Action item:
Word for word, restate the listing; omit the pictures.

Dataset section:
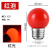 星期十 彩色灯泡led灯螺口小球泡E27LED红色球泡0.5W定制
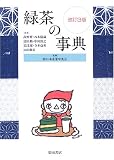 �Β��̎��T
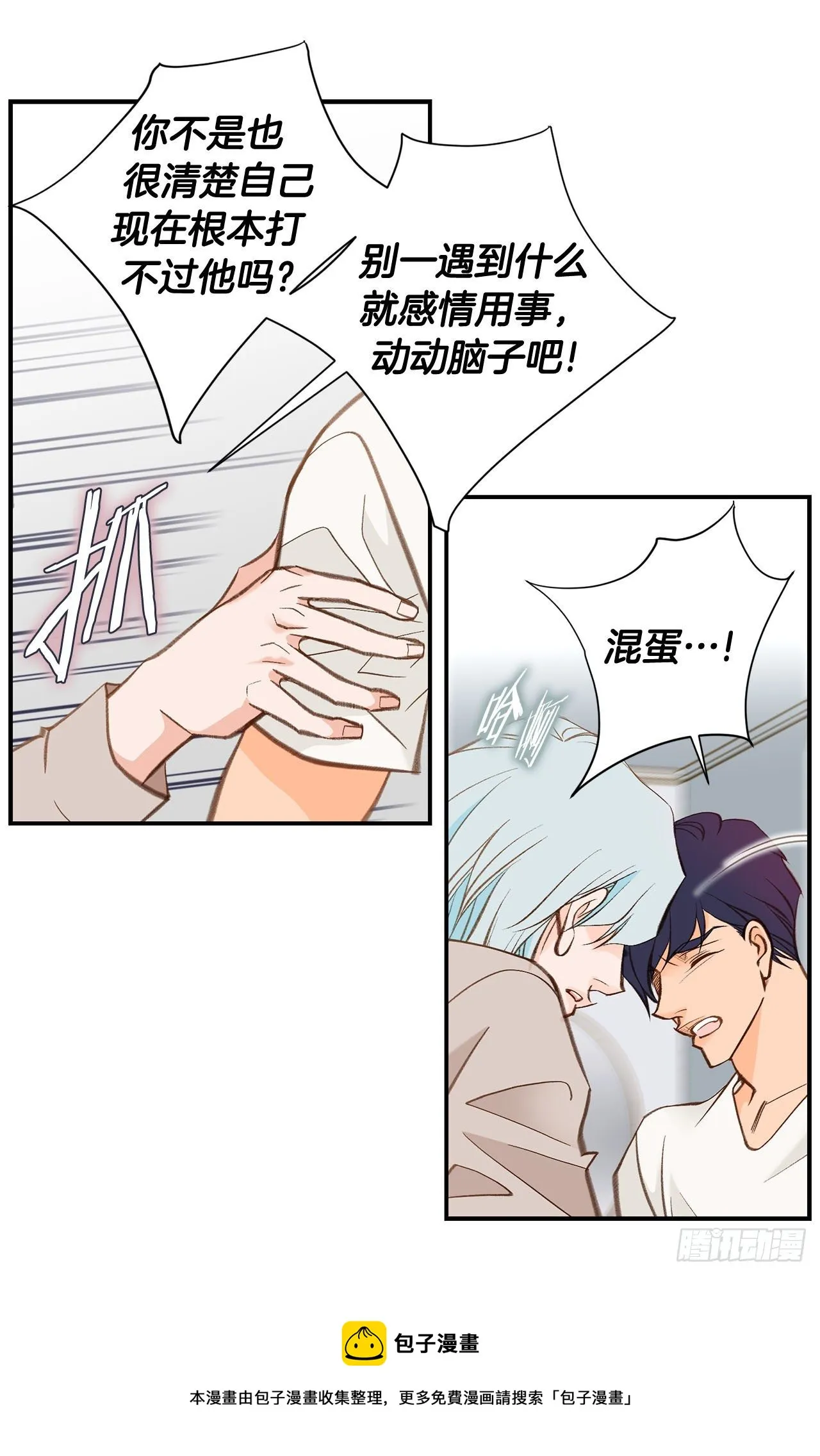 第104话 救人的好机会 第19页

The completed task:
 星期十 彩色灯泡led灯螺口小球泡E27LED红色球泡0.5W定制
 �Β��̎��T
 第104话 救人的好机会 第19页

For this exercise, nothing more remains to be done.